Lost in the Debt Ceiling Debate: The Legal Duty to Create
Jobs

by Jeanne Mirer and Marjorie Cohn
Submitted to Portside by the authors

August 11, 2011

http://www.commondreams.org/view/2011/08/11-0

The debate about the debt ceiling should have been a
conversation about how to create jobs. It is time for
progressives to remind the government that it has a legal
duty to create jobs, and must act immediately - if not
through Congress, then through the Federal Reserve.

With official unemployment reaching over 9%, the unofficial
rate in double digits, and the unemployment rate for people
of color more than double that of whites, it is nerve
wracking to hear right wing political pundits say the
government cannot create jobs. Do people really believe this
canard? On "Real Time with Bill Maher" a few weeks ago,
Chris Hayes of The Nation stated that the government should
create and has in the past created jobs, but he was put down
by that intellectual giant Ann Coulter who said, "but they
(WPA jobs) were only temporary jobs." No one challenged her.

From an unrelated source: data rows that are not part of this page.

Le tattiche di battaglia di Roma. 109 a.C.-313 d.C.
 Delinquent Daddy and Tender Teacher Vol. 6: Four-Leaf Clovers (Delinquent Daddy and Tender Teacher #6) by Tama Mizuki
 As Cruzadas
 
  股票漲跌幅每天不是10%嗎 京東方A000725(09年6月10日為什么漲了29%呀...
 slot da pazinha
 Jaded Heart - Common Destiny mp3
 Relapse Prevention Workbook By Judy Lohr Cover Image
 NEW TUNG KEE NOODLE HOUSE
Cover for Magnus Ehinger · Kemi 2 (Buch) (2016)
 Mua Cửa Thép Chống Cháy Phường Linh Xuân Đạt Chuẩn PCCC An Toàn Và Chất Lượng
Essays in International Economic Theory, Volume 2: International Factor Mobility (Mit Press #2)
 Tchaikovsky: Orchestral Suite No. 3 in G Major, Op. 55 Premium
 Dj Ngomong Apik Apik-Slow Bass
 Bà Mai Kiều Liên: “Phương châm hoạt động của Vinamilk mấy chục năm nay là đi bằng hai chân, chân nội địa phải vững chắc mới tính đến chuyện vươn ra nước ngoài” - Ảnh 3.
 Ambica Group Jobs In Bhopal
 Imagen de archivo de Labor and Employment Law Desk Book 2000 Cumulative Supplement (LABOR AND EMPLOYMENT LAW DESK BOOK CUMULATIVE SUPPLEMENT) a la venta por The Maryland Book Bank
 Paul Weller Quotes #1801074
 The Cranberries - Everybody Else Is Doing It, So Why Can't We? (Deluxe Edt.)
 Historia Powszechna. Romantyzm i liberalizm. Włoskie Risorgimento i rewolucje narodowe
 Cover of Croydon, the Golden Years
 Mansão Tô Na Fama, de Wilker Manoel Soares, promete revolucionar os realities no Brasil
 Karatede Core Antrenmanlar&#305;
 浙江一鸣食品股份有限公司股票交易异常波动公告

Most of the jobs created under the Works Progress
Administration (WPA) - and there were millions of them -
lasted for many years, or until those employed found other
gainful employment. They provided a high enough income to
allow the worker's family to meet basic needs, and they
created demand for goods in an economy that was suffering,
like today's economy, from lack of demand. The WPA program
succeeded in sustaining and creating many more jobs in the
private sector due to the demand for goods that more people
with incomes generated.

The most galling thing about pundits stating with such
certainty that the government cannot create jobs is the
implication that the government has no business employing
people. In actuality, however, the law requires the
government, in particular the President and the Federal
Reserve, to create jobs. This legal duty comes from three
sources: (1) full employment legislation including the
Humphrey Hawkins Full Employment Act of 1978, (2) the 1977
Federal Reserve Act, and (3) the global consensus based on
customary international law that all people have a right to
a job with favorable remuneration to provide an adequate
standard of living.   .

1.      Full Employment Legislation

The first full employment law in the United States was
passed in 1946. It required the country to make its goal one
of full employment. It was motivated in part by the fear
that after World War II, returning veterans would not find
work, and this would provoke further economic dislocation.
With the Keynesian consensus that government spending was
necessary to stimulate the economy and the depression still
fresh in the nation's mind, this legislation contained a
firm statement that full employment was the policy of the
country. As originally written, the bill required the
federal government do everything in its authority to achieve
full employment, which was established as a right guaranteed
to the American people.  Pushback by conservative business
interests, however, watered down the bill. While it created
the Council of Economic Advisors to the President and the
Joint Economic Committee as a Congressional standing
committee to advise the government on economic policy, the
guarantee of full employment was removed from the bill.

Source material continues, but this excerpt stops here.